→ **WHAT THE TASK REQUIRES**: Print the whole listing again exactly, keeping no pictures in it.

→ **GIVEN MATERIAL**:
####
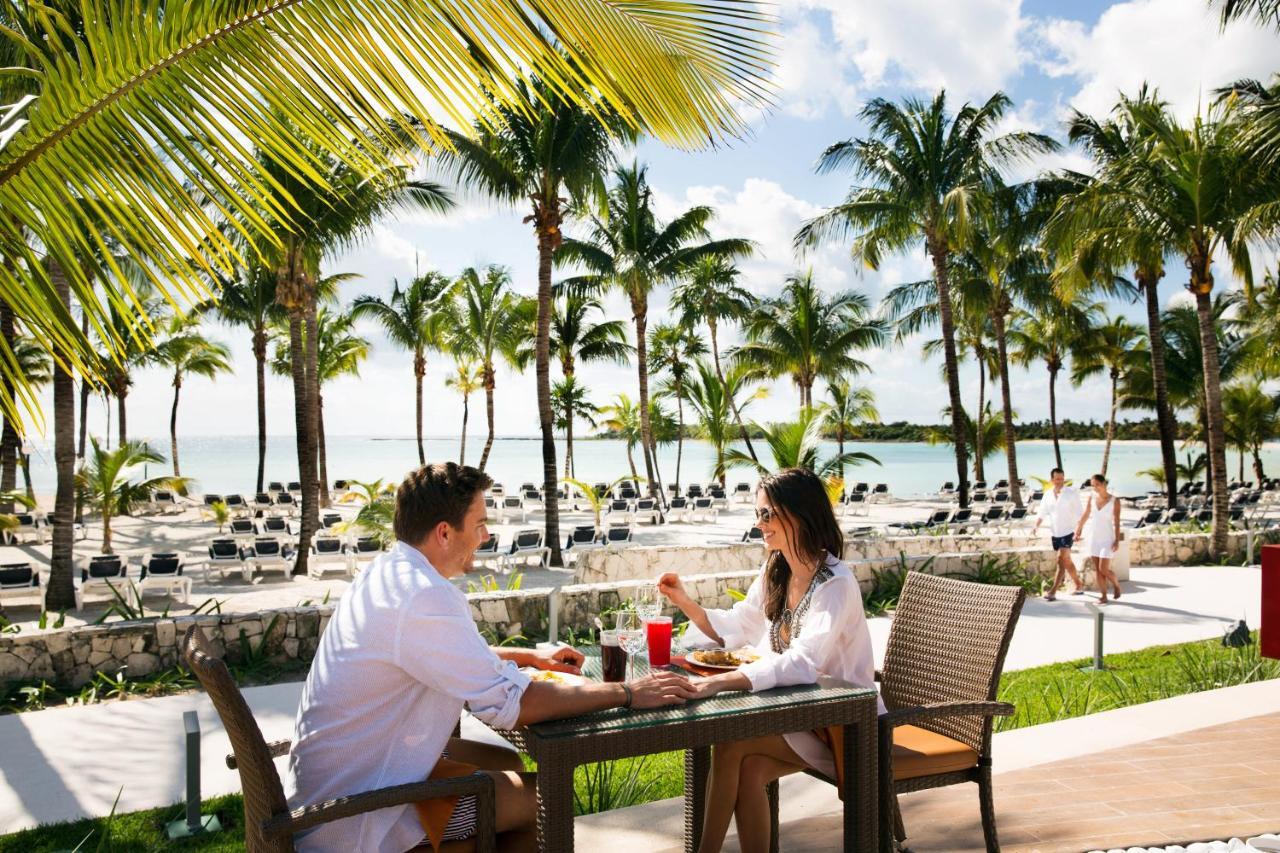 Barcelo Maya (adults Only) Resort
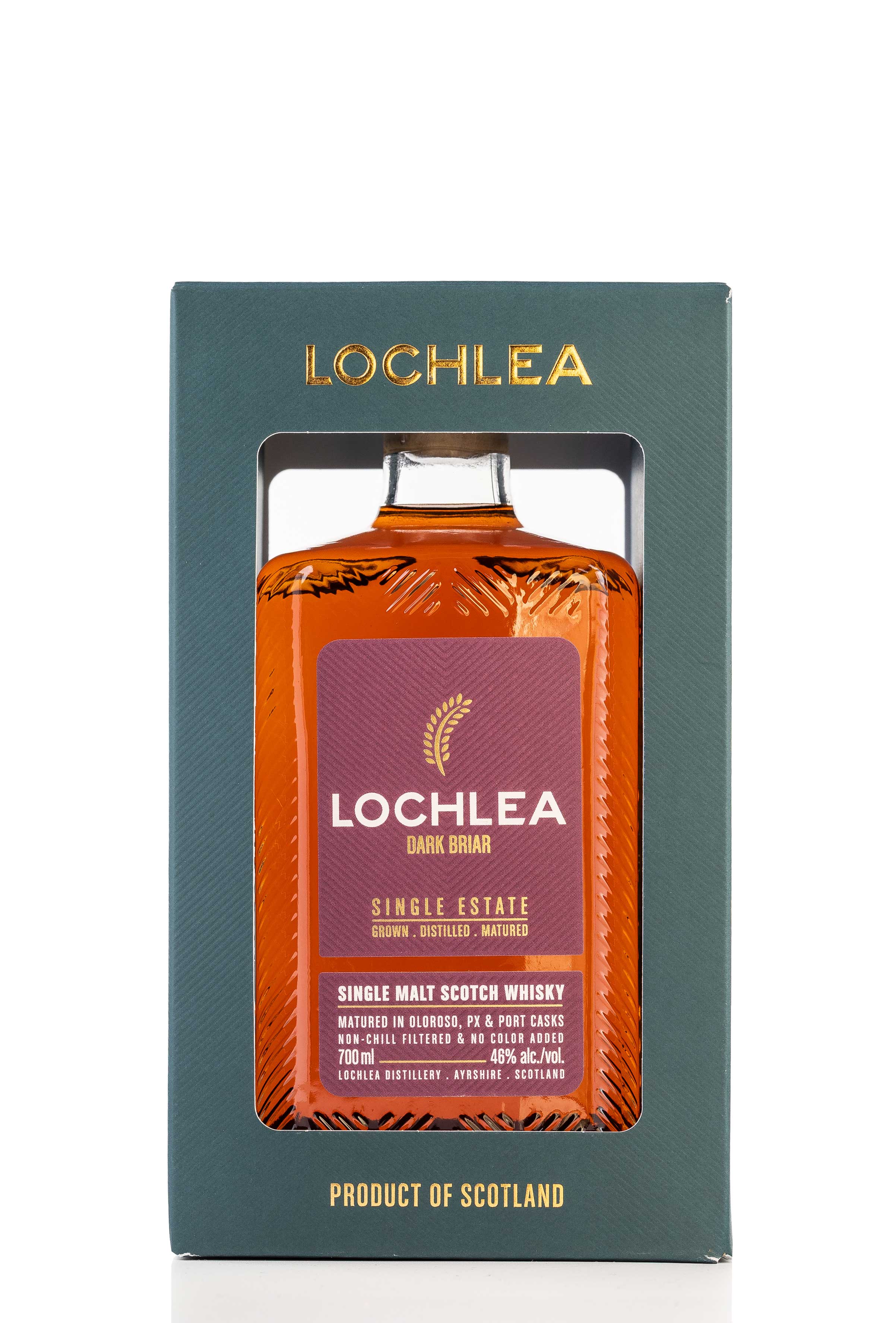 Lochlea Dark Briar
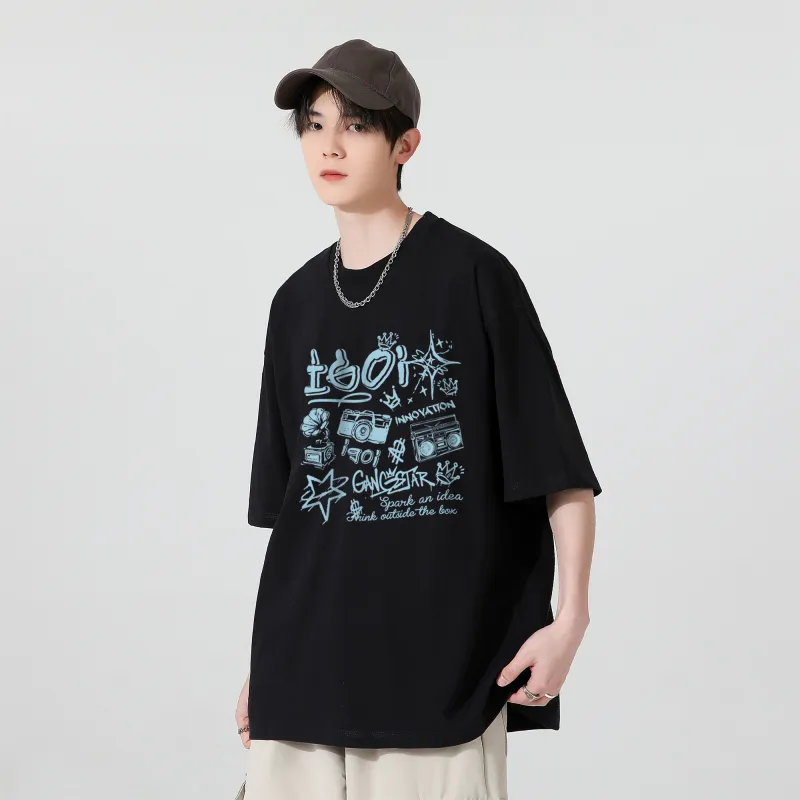IGOI Casual Sportswear Unisex-3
####
→ **TASK OUTPUT**:
 Barcelo Maya (adults Only) Resort
 Lochlea Dark Briar
IGOI Casual Sportswear Unisex-3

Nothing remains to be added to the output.